Learn to Surf Byron Bay

Learn to Surf

Byron Bay is often promoted as a great place to learn to surf, and with very good reason, it is. We have some breaks with really nice gentle waves just perfect for learning to surf. Now the whole idea of learning to surf is to have fun, and surfing is extremely good fun. But nobody wants to take their fun at the expense of other people’s safety or their own. So before you embark on a learn to surf adventure In Byron Bay, read our Free Learn To Surf Guide carefully, it’ll help you to be so much safer and have a whole lot more fun in the process.

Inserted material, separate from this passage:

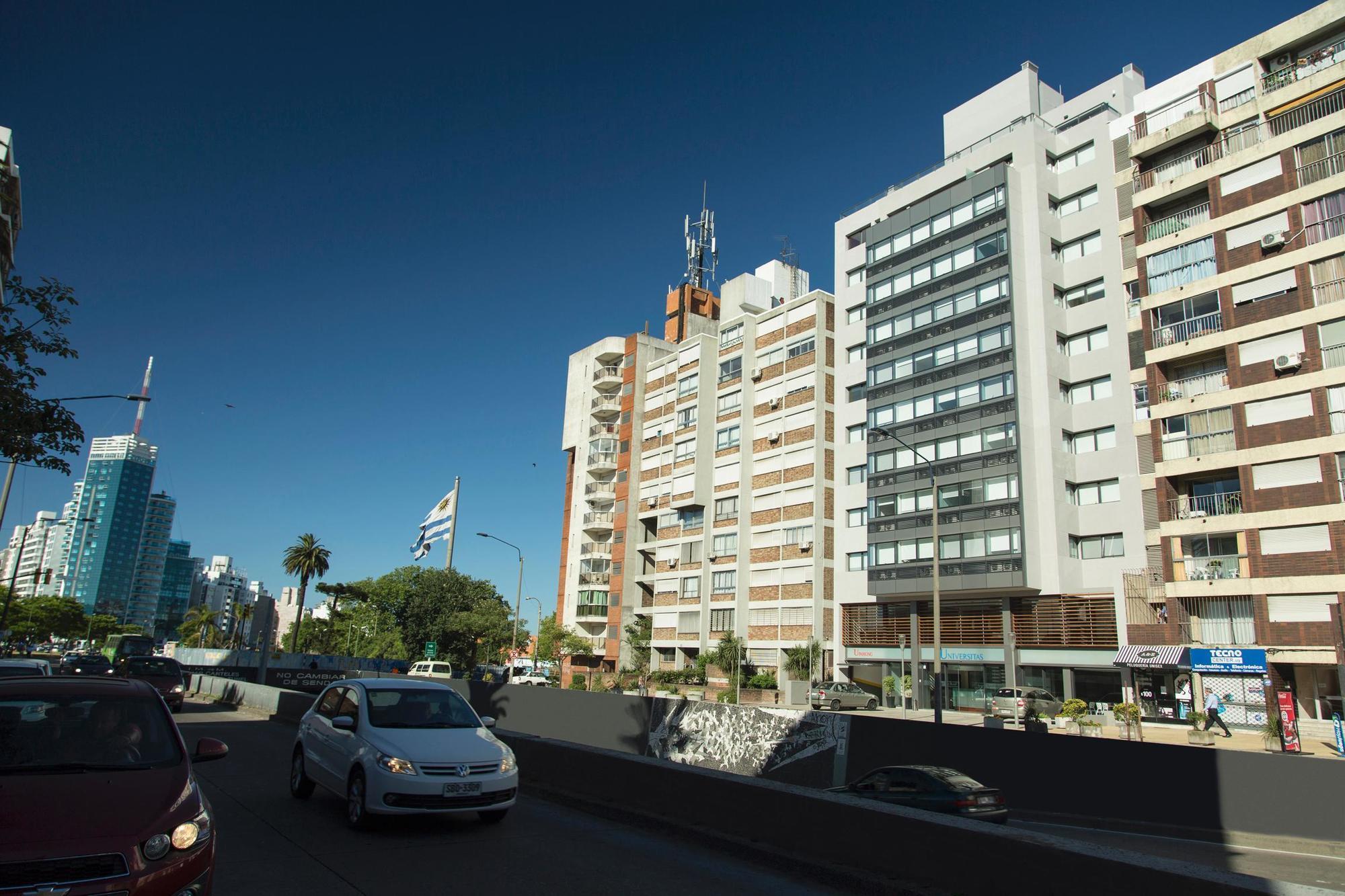 Mercosur Universitas Montevideo Esterno foto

For many years there has been a growing misunderstanding that everywhere in Byron Bay is great for learning to surf. This is not entirely true, and it has caused many dangerous situations to arise from novice surfers being where it is not safe for them to be. This is because many of the waves in Byron Bay are often small with deep water channels. Making it quite easy for learner surfers to paddle out to the main lineup (break) where the more experienced surfers are. Inexperienced surfers are often able get into the main break and mix with the crowd easily. The word spread amongst beginners that Byron is a great place to learn to surf, and so the myth has grown.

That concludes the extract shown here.